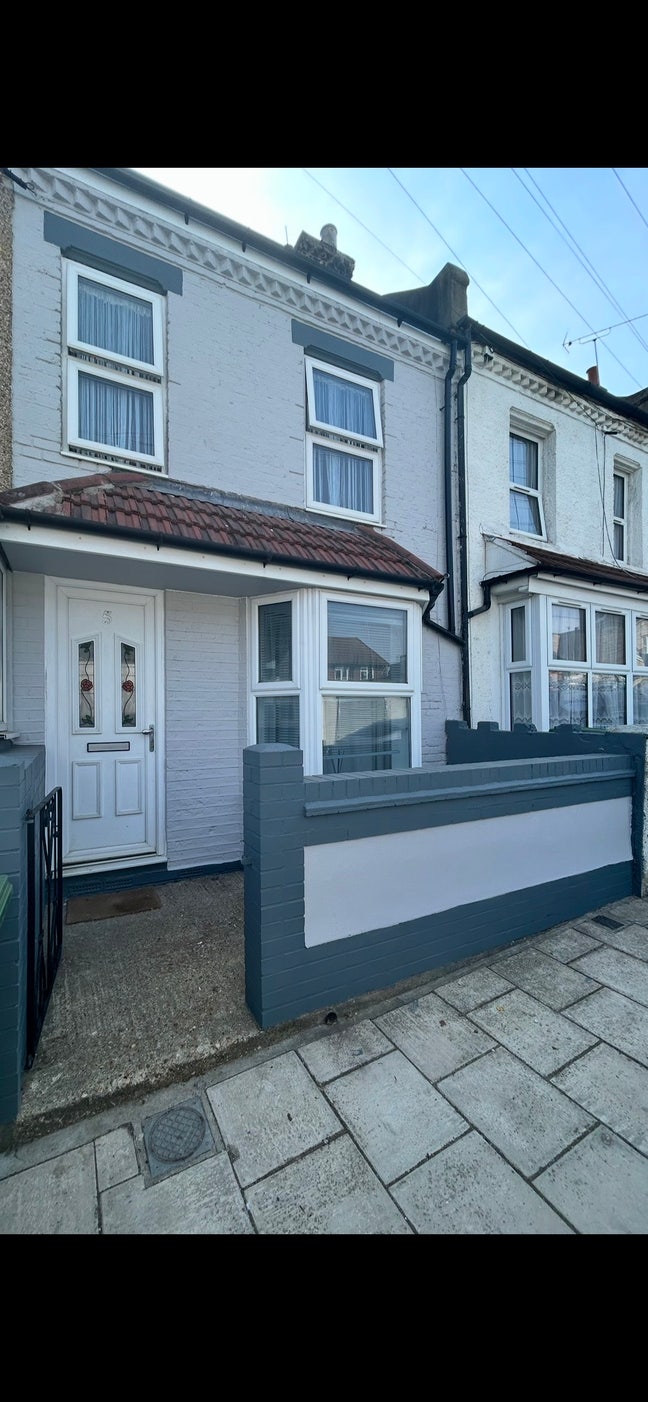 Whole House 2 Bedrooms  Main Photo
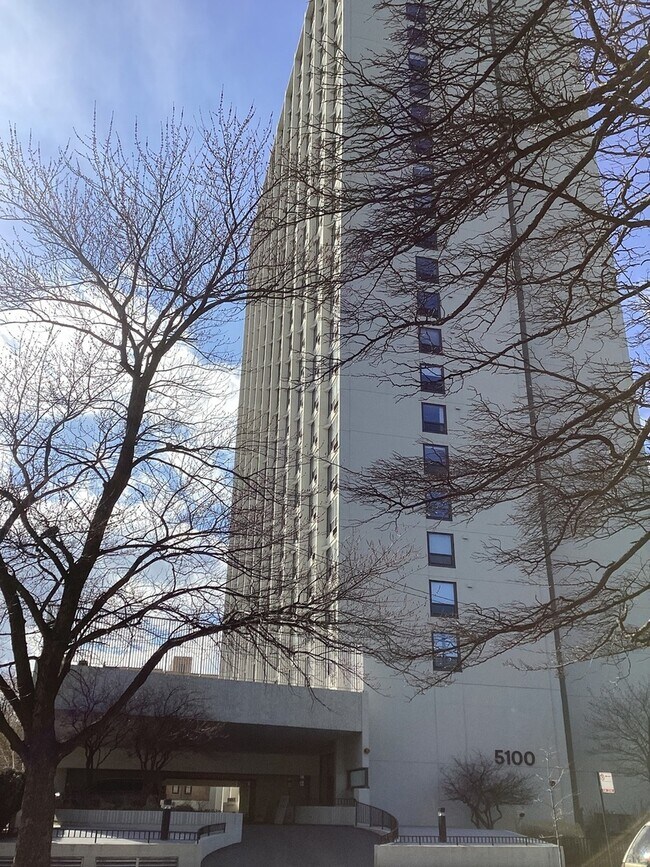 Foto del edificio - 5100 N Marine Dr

* * *

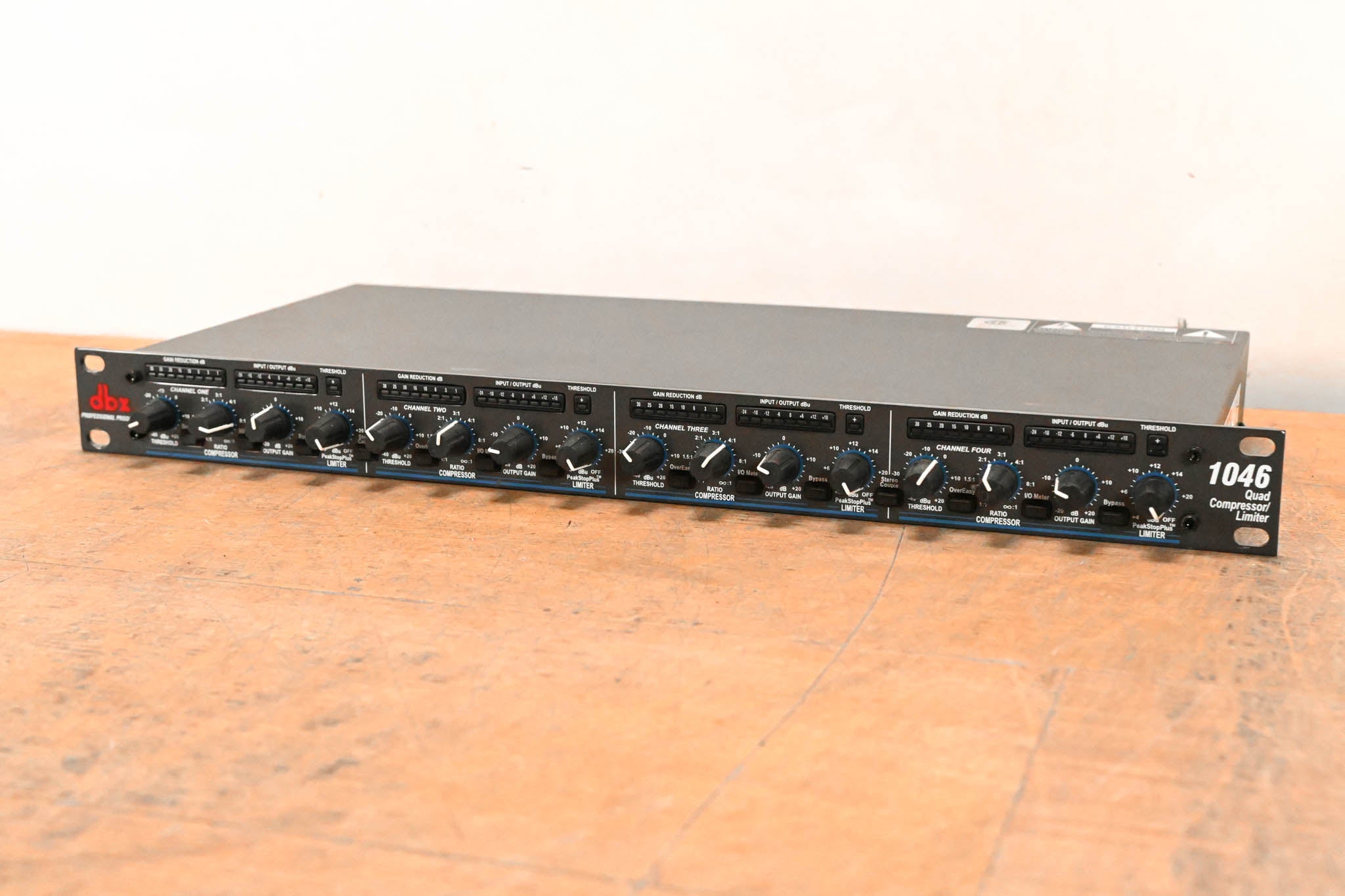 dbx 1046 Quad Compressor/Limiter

==

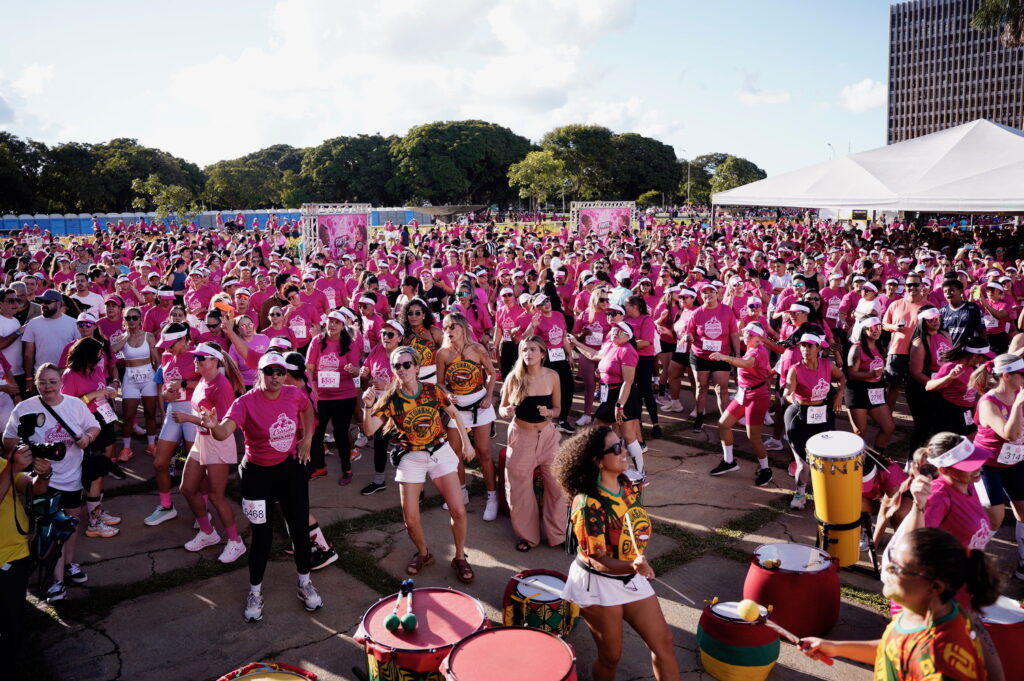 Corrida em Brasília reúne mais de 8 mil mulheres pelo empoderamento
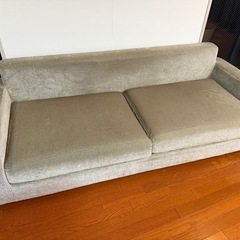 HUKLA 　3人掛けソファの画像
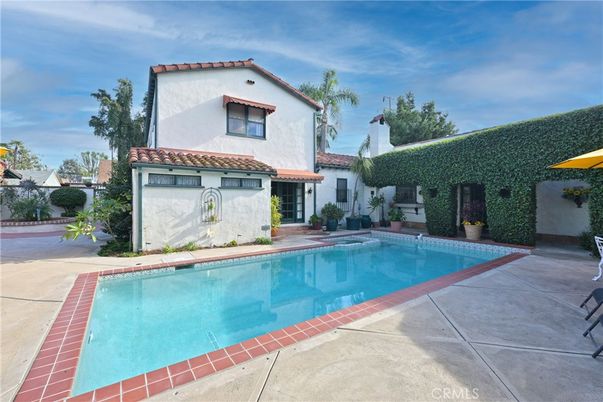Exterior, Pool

> [TASK] Beginning at the line above that contains "Corrida em Brasília", repeat each line exactly through the one that contains "Exterior, Pool", and leave out the pictures.

> [WRITTEN REPLY]
 Corrida em Brasília reúne mais de 8 mil mulheres pelo empoderamento
 HUKLA 　3人掛けソファの画像
Exterior, Pool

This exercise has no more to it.